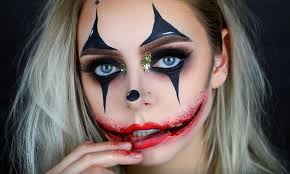 a creepy glamorous clown makeup tutorial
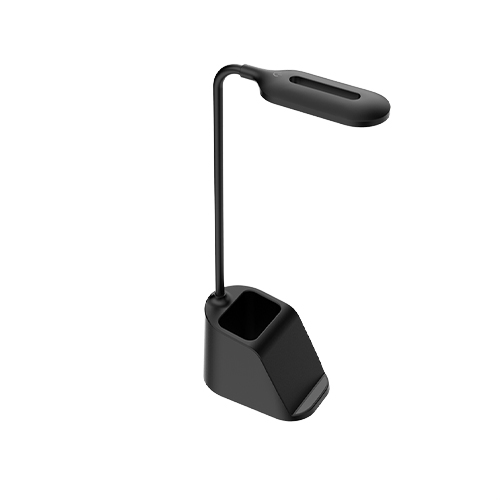 BRIGHT STAR TL824 BLACK WIRELESS CHARGING LED DESK LAMP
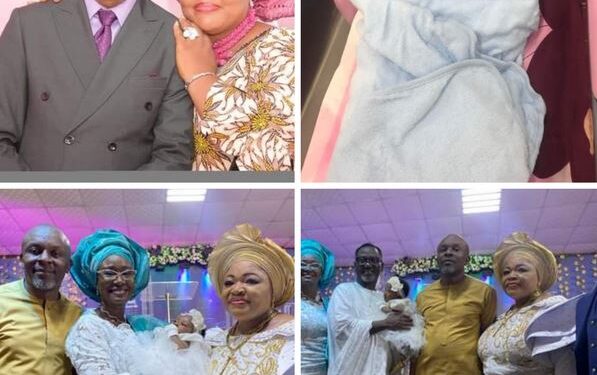 Nigerian Pastor And His Wife Welcome First Child After 20 years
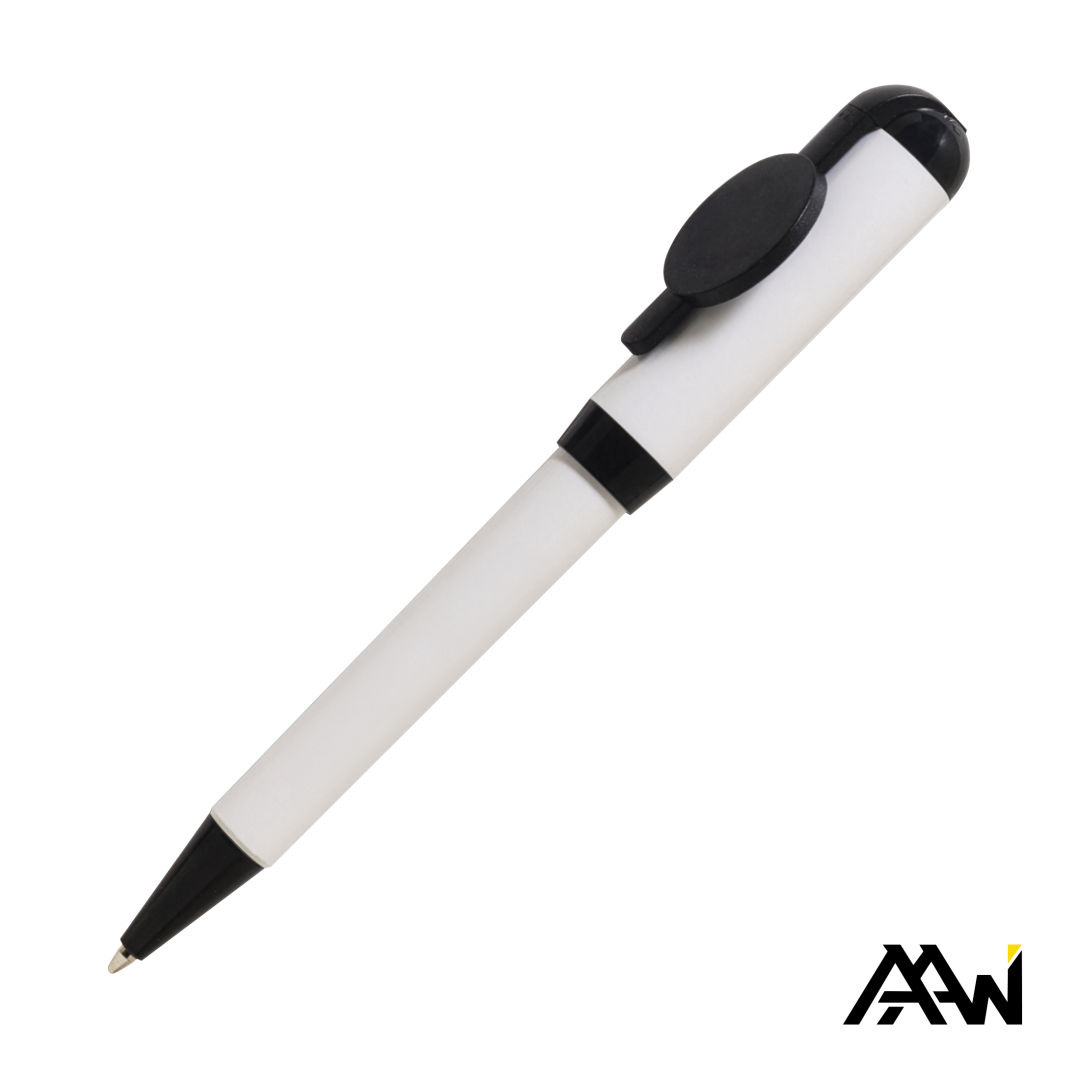 Jumbo VividPrint™ Billboard Twist White Pen - Colored Accent 4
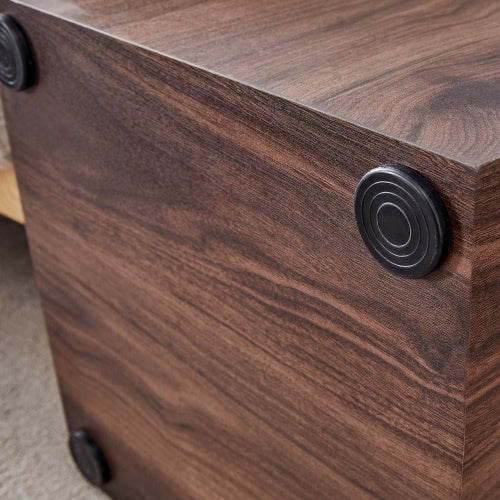 Walnut Wood Grain MDF Coffee Table - Luxurious Design, Perfect Living Room Accent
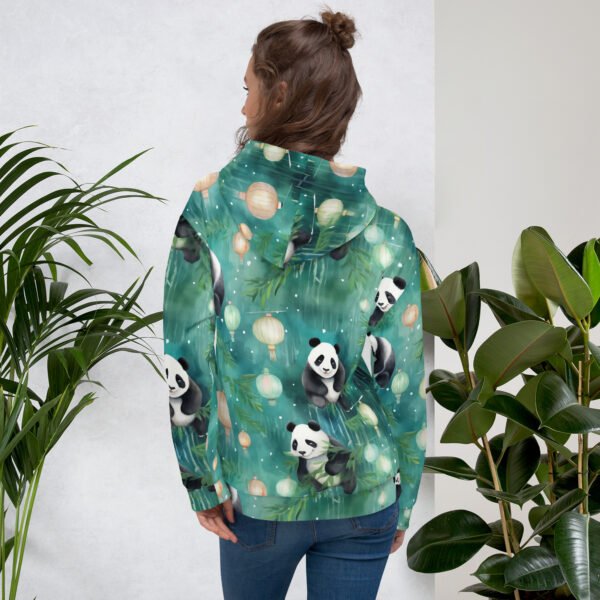 Unisex Hoodie (All Over Green Panda Print)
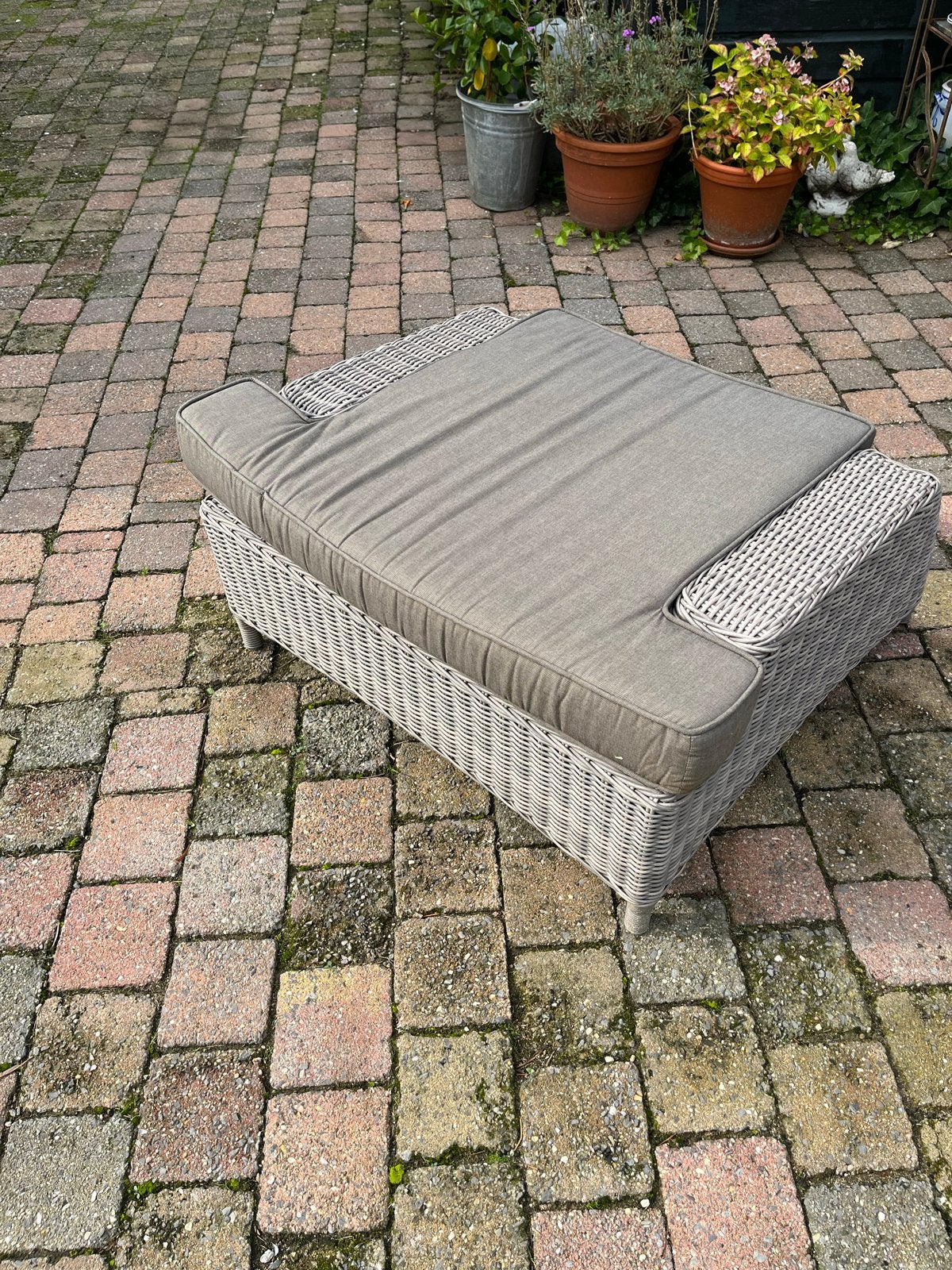 Hocker (tuinset) - Summer Garden Country Life, Tuin en Terras, Ophalen, Gebruikt, Hocker, Wicker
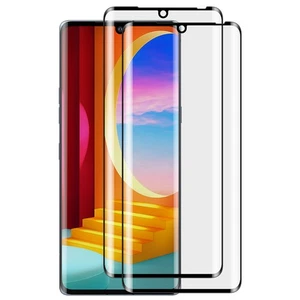 2Pcs Full Coverage 3D Curved Tempered Glass Screen Protector For LG Velvet 5G - Picture 1 of 17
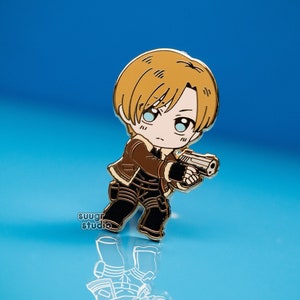 BACKORDER - RE Leon Kennedy (RE4) Hard Enamel Pin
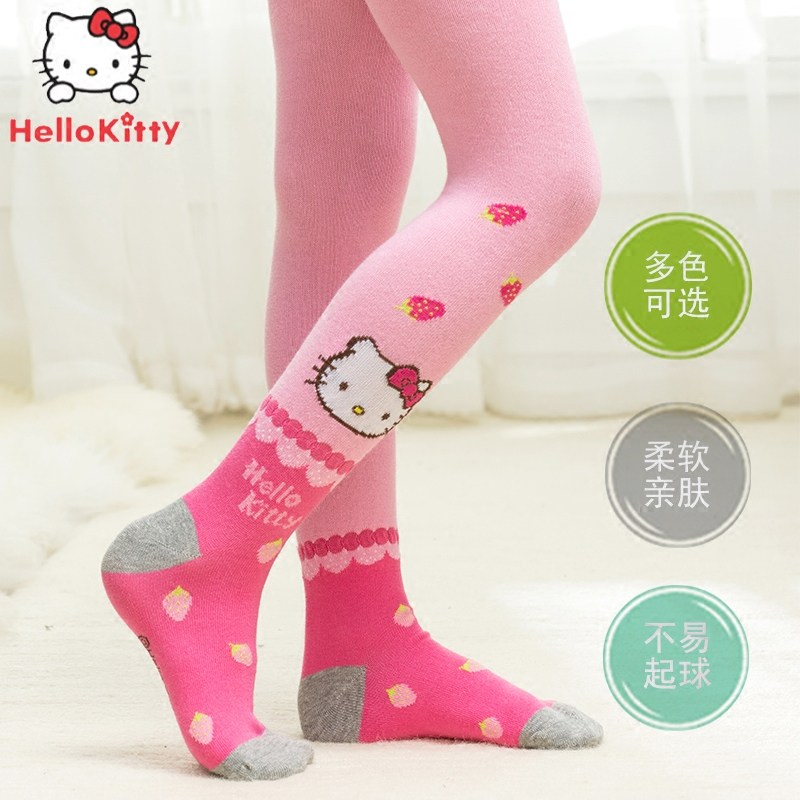 正品Hellokitty儿童连裤袜女童打底裤宝宝袜子棉春秋中厚款舞蹈袜|ruв категории Детская одежда, носки (детей в возрасте 0 - 16) - от Buy2taobao.com для оказания профессиональной услуги покупки агента Taobao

(WHAT YOU WILL DO) Begin at the first line of the records. Print every line through the one containing "Unisex Hoodie (All Over Green Panda Print)" exactly, but skip the pictures.

(OUTPUT OF THE TASK)
 a creepy glamorous clown makeup tutorial
 BRIGHT STAR TL824 BLACK WIRELESS CHARGING LED DESK LAMP
 Nigerian Pastor And His Wife Welcome First Child After 20 years
 Jumbo VividPrint™ Billboard Twist White Pen - Colored Accent 4
 Walnut Wood Grain MDF Coffee Table - Luxurious Design, Perfect Living Room Accent
 Unisex Hoodie (All Over Green Panda Print)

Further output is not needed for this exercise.